Rvest XPath problem

pawel95 · March 31, 2019, 8:55pm

Hello Everyone,

I have a problem with rvest. I am trying to scrap a dropdown list based on previous choise from other dropdown list. Here is the problem:

from this webpage -> Volkswagen - Samochody Osobowe - Otomoto.pl"

I want to extract all the car models that belongs to volkswagen for example using html_nodes() and XPath

//[@id="param571"]/option <- XPath for car brands (BMW, Audi, Volkswagen etc.)
//[@id="param573"]/option <- XPath for car models ( only Volkswagen models etc.)
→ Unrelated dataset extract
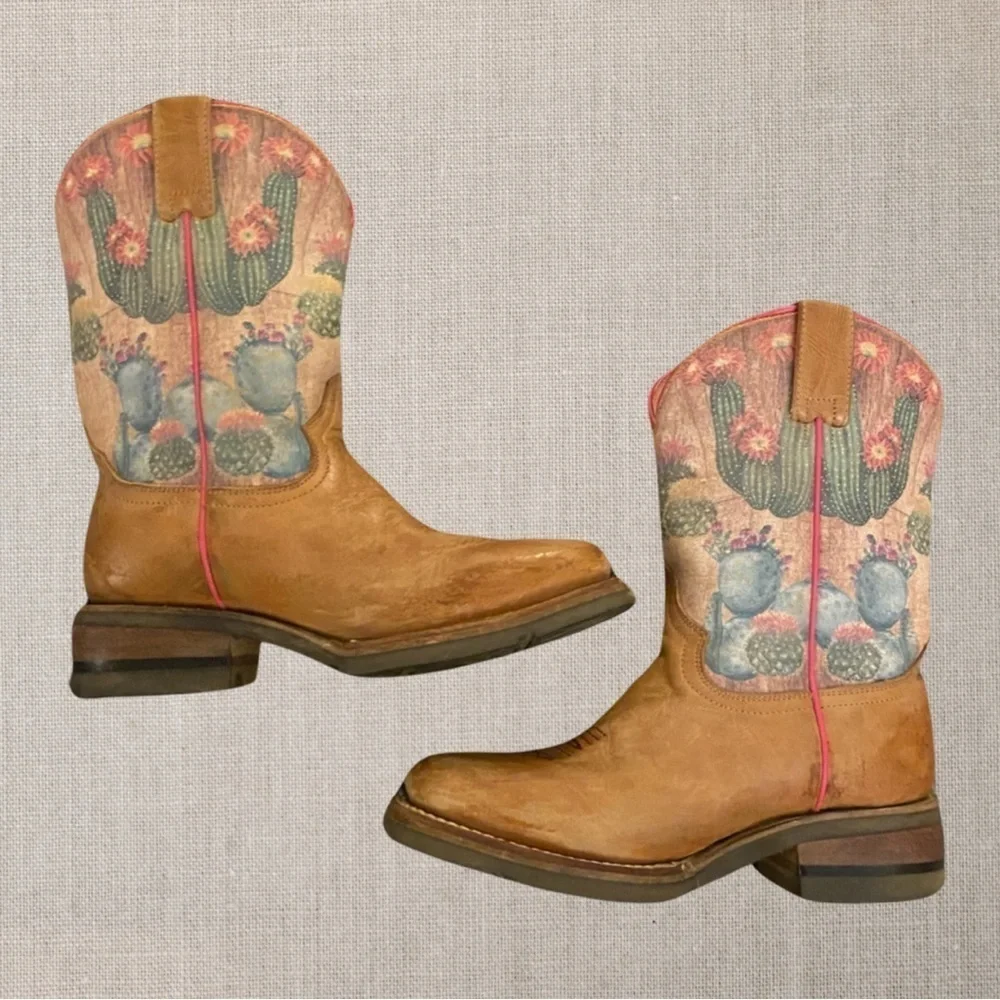 ROPER Big Girls Prickly Cactus Cowboy Boots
For the brands works perfect but with models it doesn't at all resoults:

character(0)

Code I used:

brand <- read_html("https://www.otomoto.pl/osobowe/volkswagen/")
modelsv2 <- html_nodes(brand, xpath = '//*[@id="param573"]/option') %>%
  html_text()

modelsv2

Much apprecieted for any help I am fighting with this over a week! Thanks

cderv · April 1, 2019, 9:14pm

Currently the XPATH is not correct. You could use SelectorGadget to help you find the correct XPATH. See the rvest vignette
https://cran.r-project.org/web/packages/rvest/vignettes/selectorgadget.html

pawel95 · April 1, 2019, 10:17pm

Hey thanks for the response I have used it and new path looks like this:

//*[(@id = "select2-param573-container")]
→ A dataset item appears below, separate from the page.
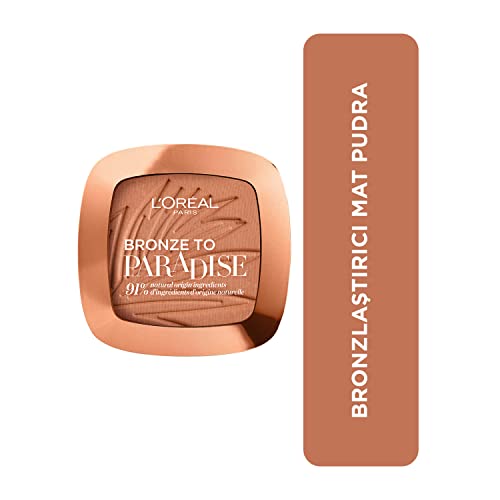 LOreal Paris Bronzer, Matte Bronzing Pressed Powder, Shade: Medium 02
but the result didn't change:

character(0)

cderv · April 2, 2019, 5:50am

It seems this website cannot be scraped with rvest because what you want to get is not in the html page but created dynamically by Javascript.

You can check with

library(magrittr)
readLines(url("https://www.otomoto.pl/osobowe/volkswagen/")) %>% 
  stringr::str_detect("select2-param573-container") %>% 
  any()
#> [1] FALSE

^{Created on 2019-04-02 by the reprex package (v0.2.1.9000)}

or by downloading the html file

download.file("https://www.otomoto.pl/osobowe/volkswagen/", destfile = {a <- tempfile()})
file.edit(a)

You need to use other tools like RSelenium or phantomJS.

system · April 23, 2019, 5:50am

This topic was automatically closed 21 days after the last reply. New replies are no longer allowed.

If you have a query related to it or one of the replies, start a new topic and refer back with a link.